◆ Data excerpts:
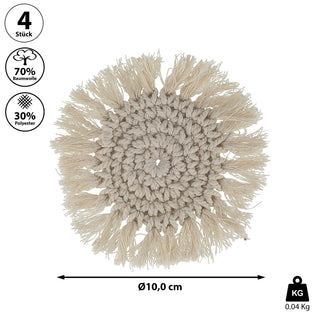 Makramee Untersetzer 4er Set creme Ø10cm Boho-Design Tischset Platzset rund Baumwolle Dekoset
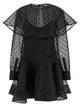 Ganni 'Black Organza Circle Collar' Dress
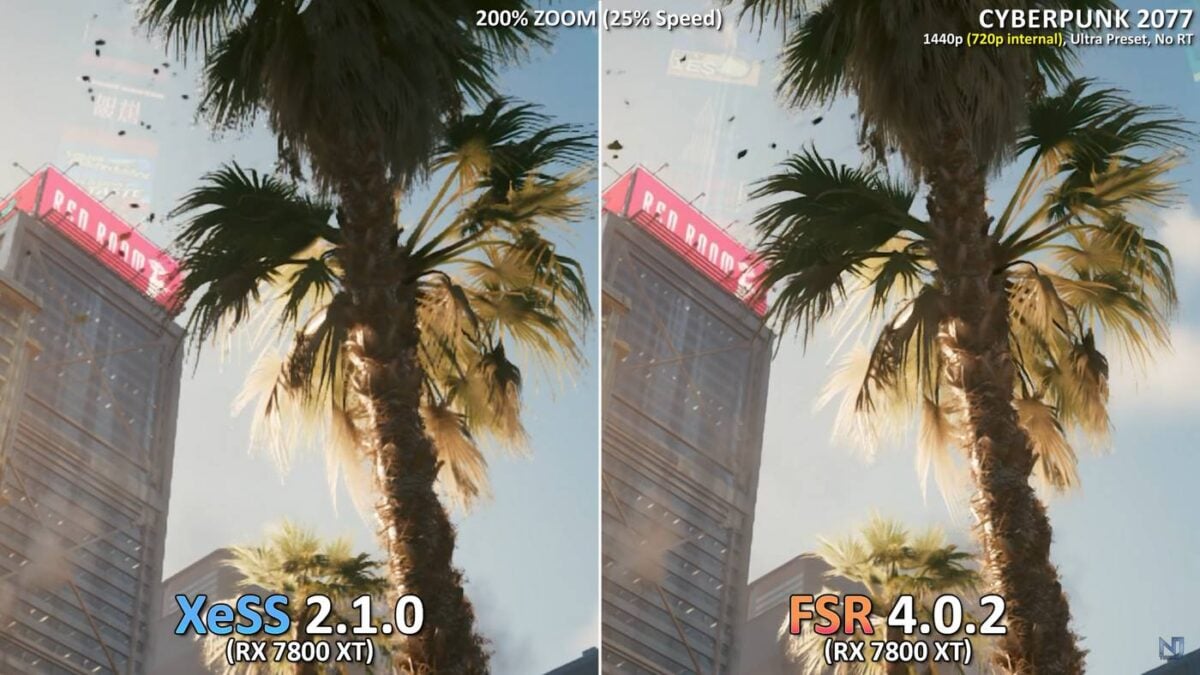 AMD FSR 4 vs Intel XeSS 2 on RX 7800 XT.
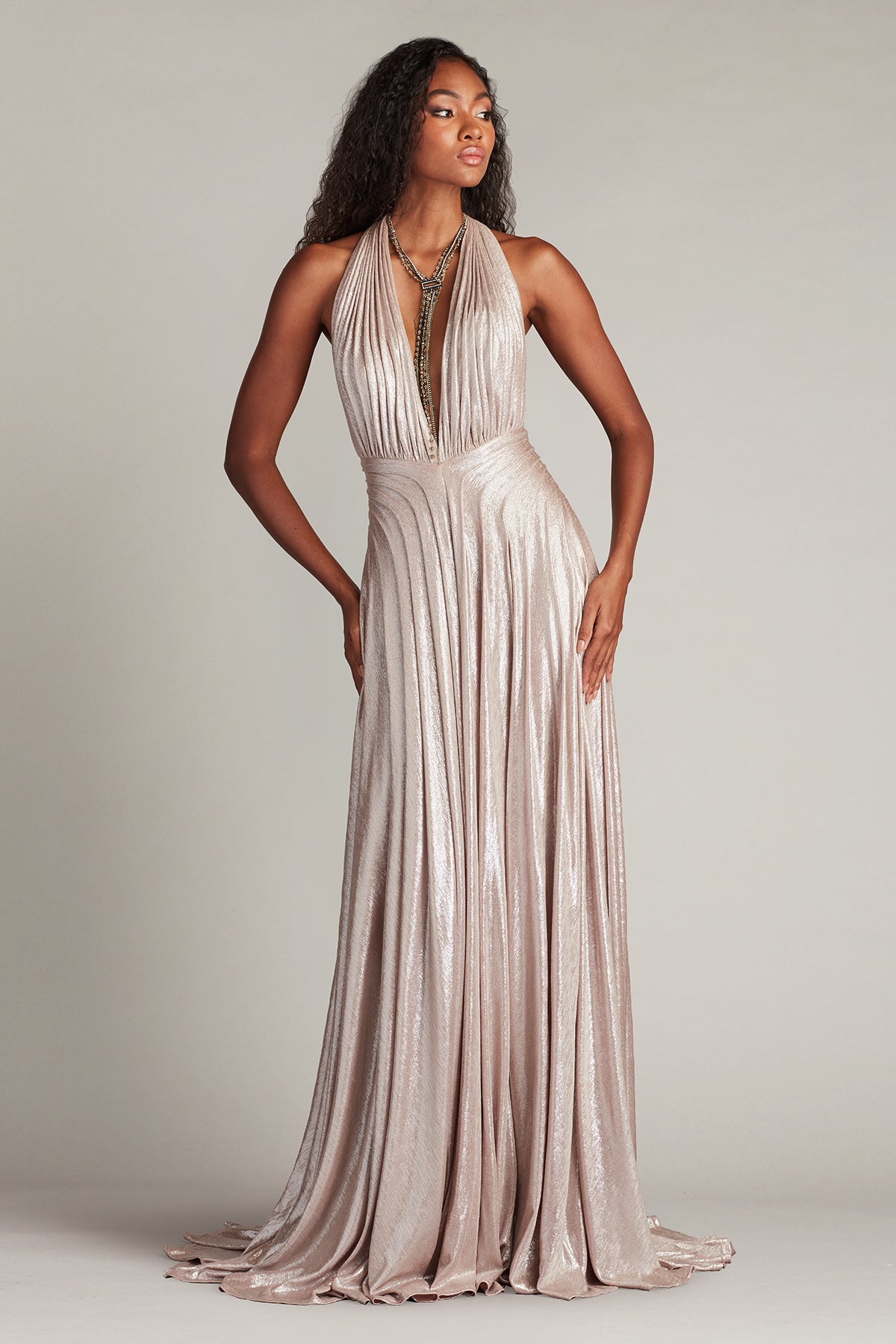 Pleated Plunging Halter Neck Gown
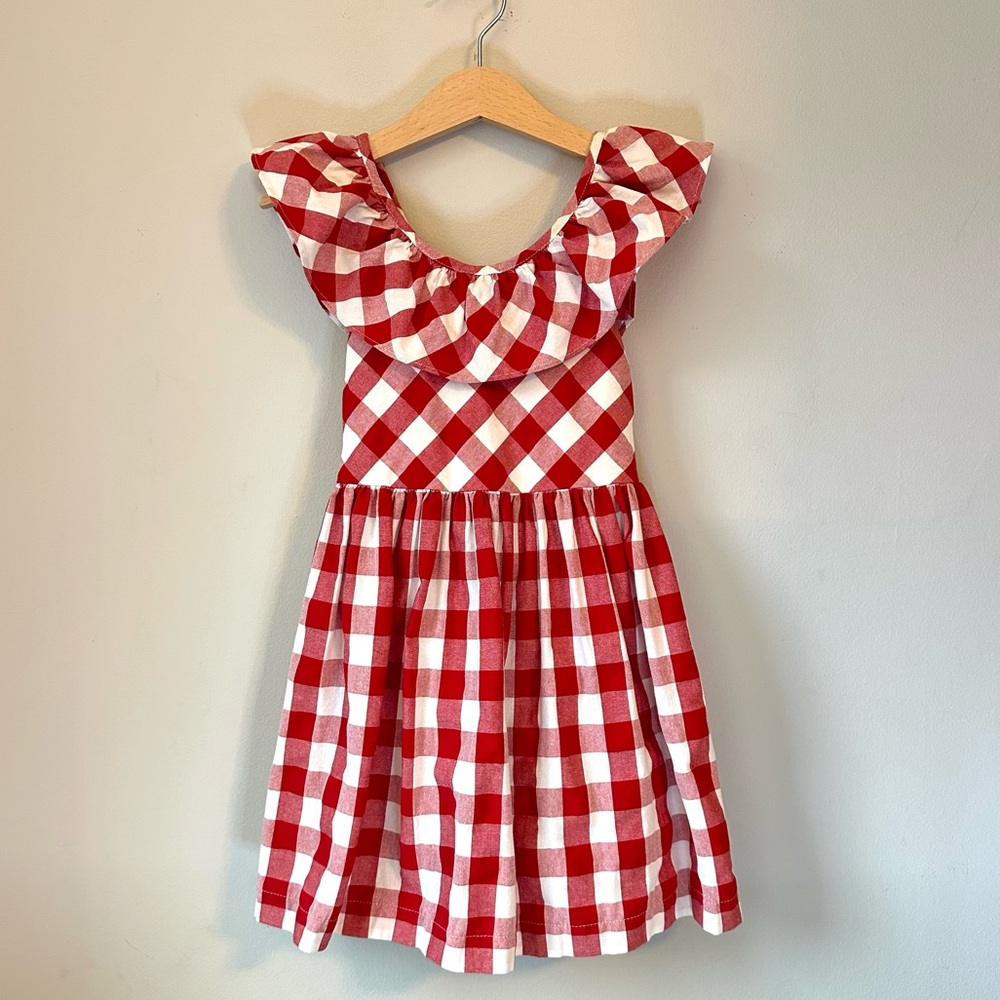 Bella Bliss Red Gingham Ruffle Baby Doll Twirly Dress Size 5
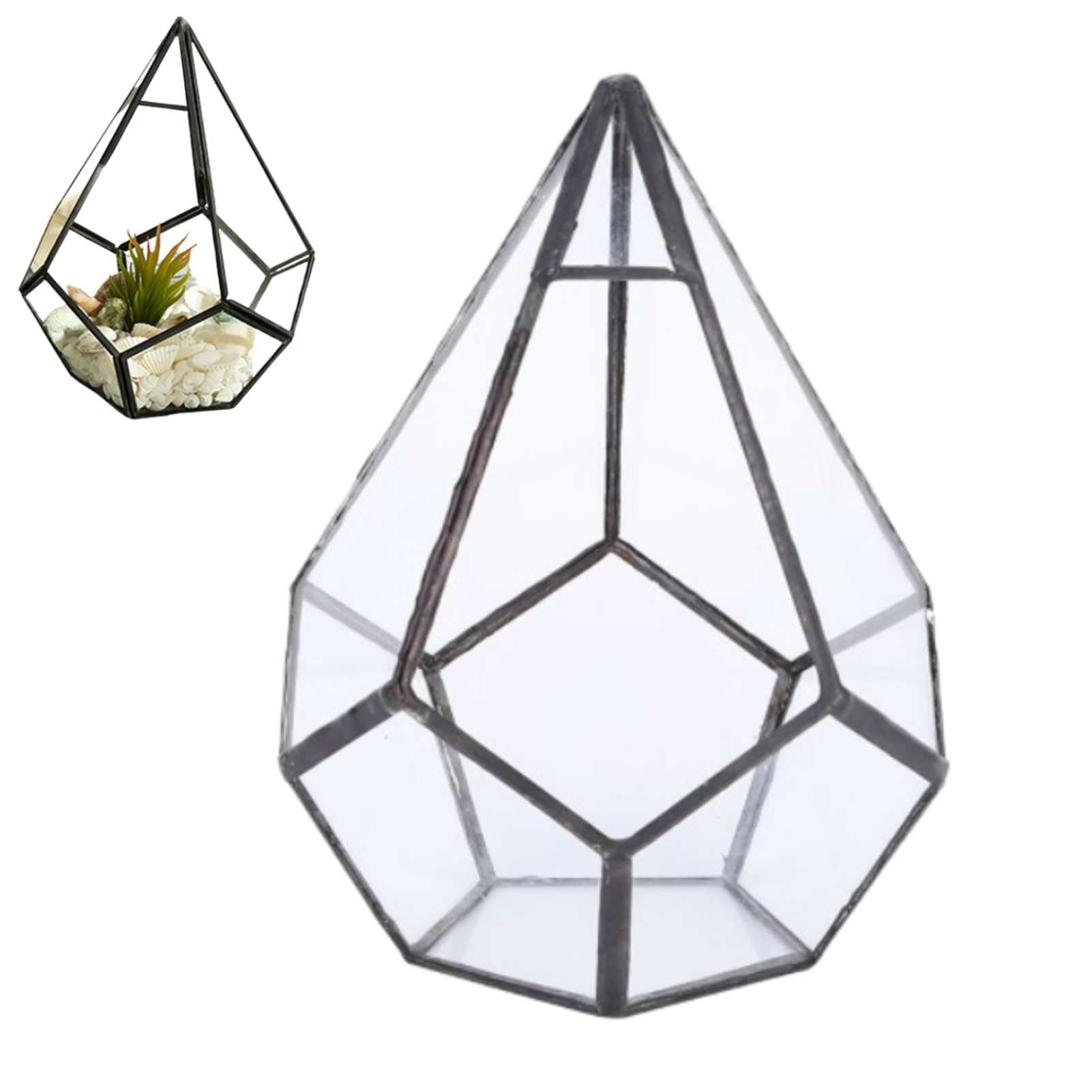 Glass Geometric Opened Terrarium Planter, Geometric Glass Flower Vase Glass Terrarium Planter for Succulents Irregular Glass Planter Pot, Handmade, Black (No Plants), 12 x 12 x 14 cm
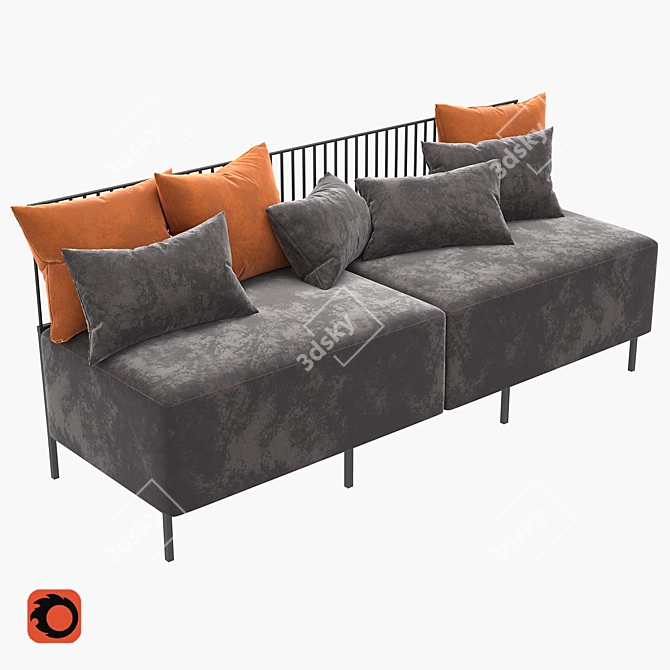 Modular Corner Sofa - Comfortable and Stylish 3D model image 2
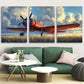 3pcs Classic Red Biplane Flying Metal Print Ready to Hang Art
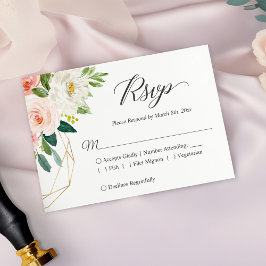 Moderne elegante Blush Pink Floral Wedding RSVP Ca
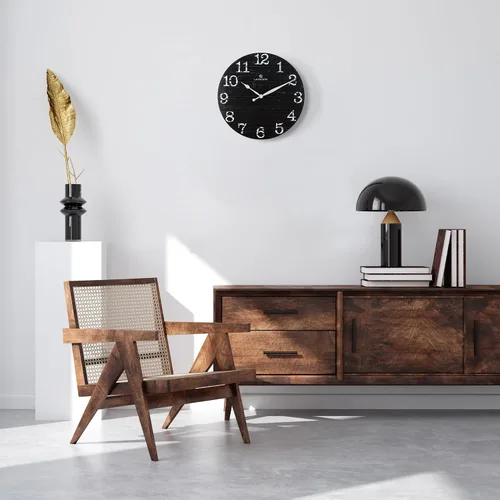 Vista 3 de Lafocuse Relojes de pared negros silenciosos de 12 pulgadas para decoración de cocina, sala de estar, reloj de pared rústico de madera, funciona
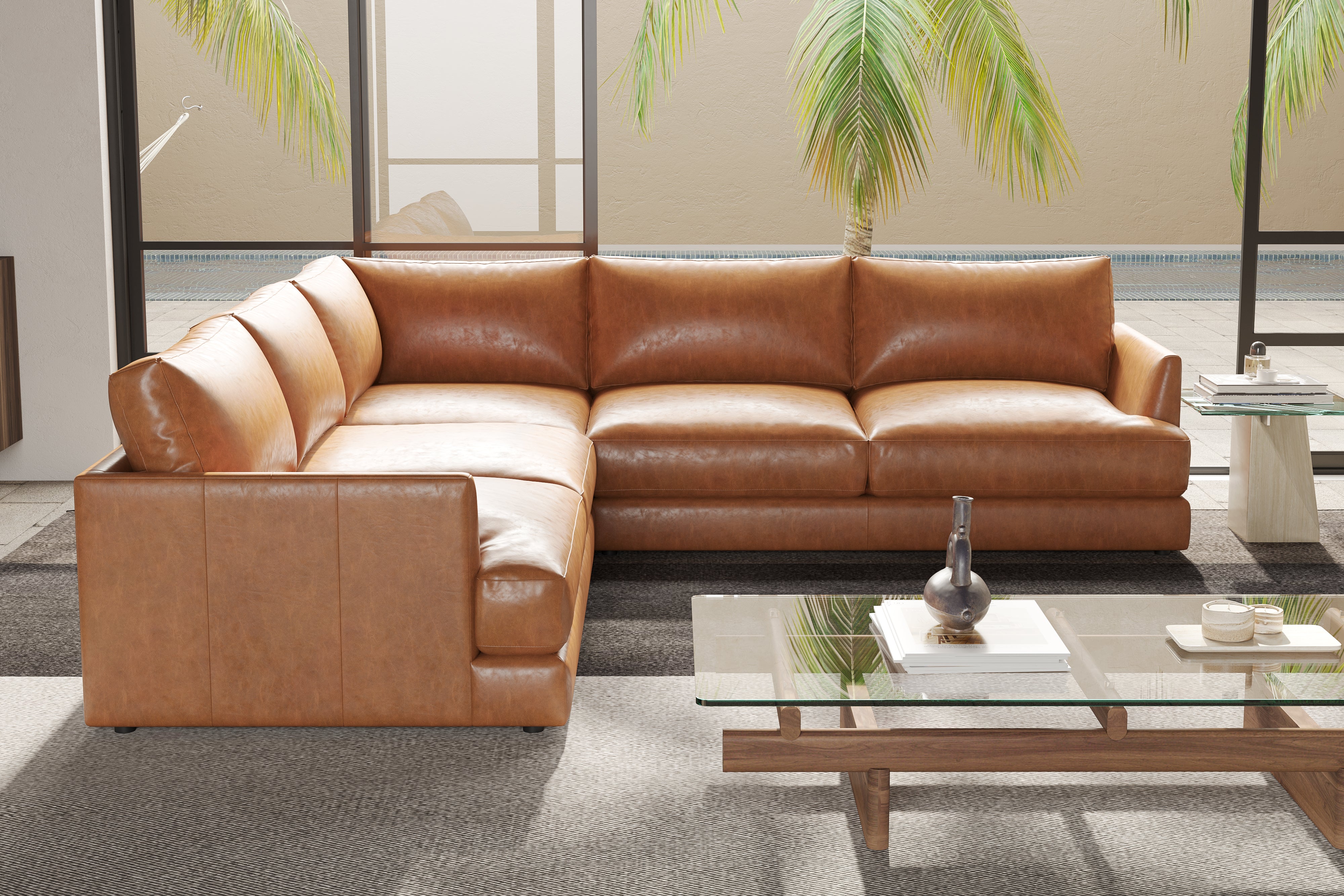 Valencia Serena Leather L-Shape Sectional Sofa, Cognac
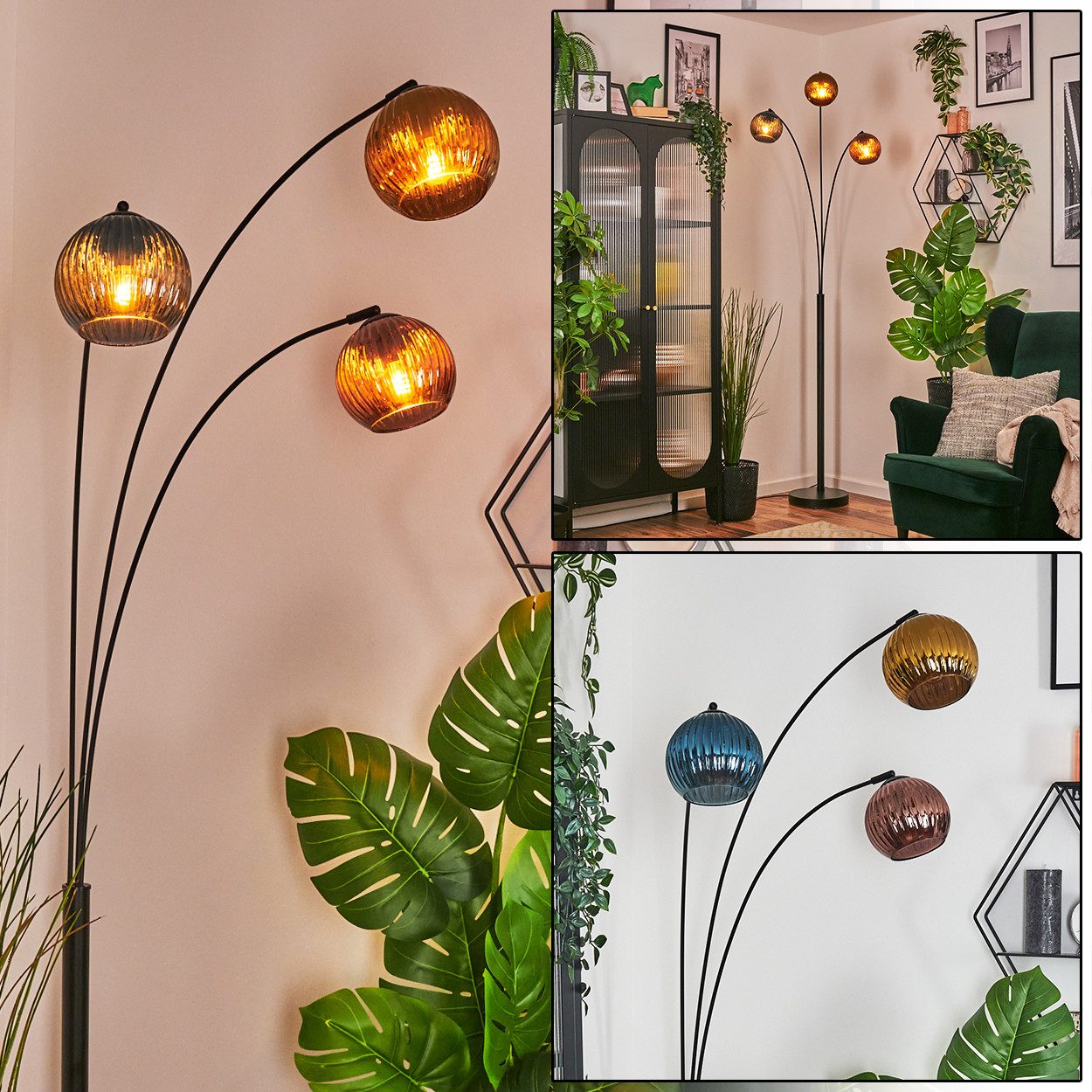 hofstein Stehlampe Stehlampe aus Metall/Riffelglas in Schwarz/Blau/Gold-/Kupferfarben, verstellbare Stehleuchte im Vintage-Design, Fußschalter, 210 cm, 3xE14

◆ PROBLEM REQUIREMENTS: Your answer must be the exact lines from the start of the data through the line with "Valencia Serena Leather", inclusive, and nothing else; pictures do not belong in it.

◆ TASK ANSWER:
 Makramee Untersetzer 4er Set creme Ø10cm Boho-Design Tischset Platzset rund Baumwolle Dekoset
 Ganni 'Black Organza Circle Collar' Dress
 AMD FSR 4 vs Intel XeSS 2 on RX 7800 XT.
 Pleated Plunging Halter Neck Gown
 Bella Bliss Red Gingham Ruffle Baby Doll Twirly Dress Size 5
 Glass Geometric Opened Terrarium Planter, Geometric Glass Flower Vase Glass Terrarium Planter for Succulents Irregular Glass Planter Pot, Handmade, Black (No Plants), 12 x 12 x 14 cm
 Modular Corner Sofa - Comfortable and Stylish 3D model image 2
 3pcs Classic Red Biplane Flying Metal Print Ready to Hang Art
 Moderne elegante Blush Pink Floral Wedding RSVP Ca
 Vista 3 de Lafocuse Relojes de pared negros silenciosos de 12 pulgadas para decoración de cocina, sala de estar, reloj de pared rústico de madera, funciona
 Valencia Serena Leather L-Shape Sectional Sofa, Cognac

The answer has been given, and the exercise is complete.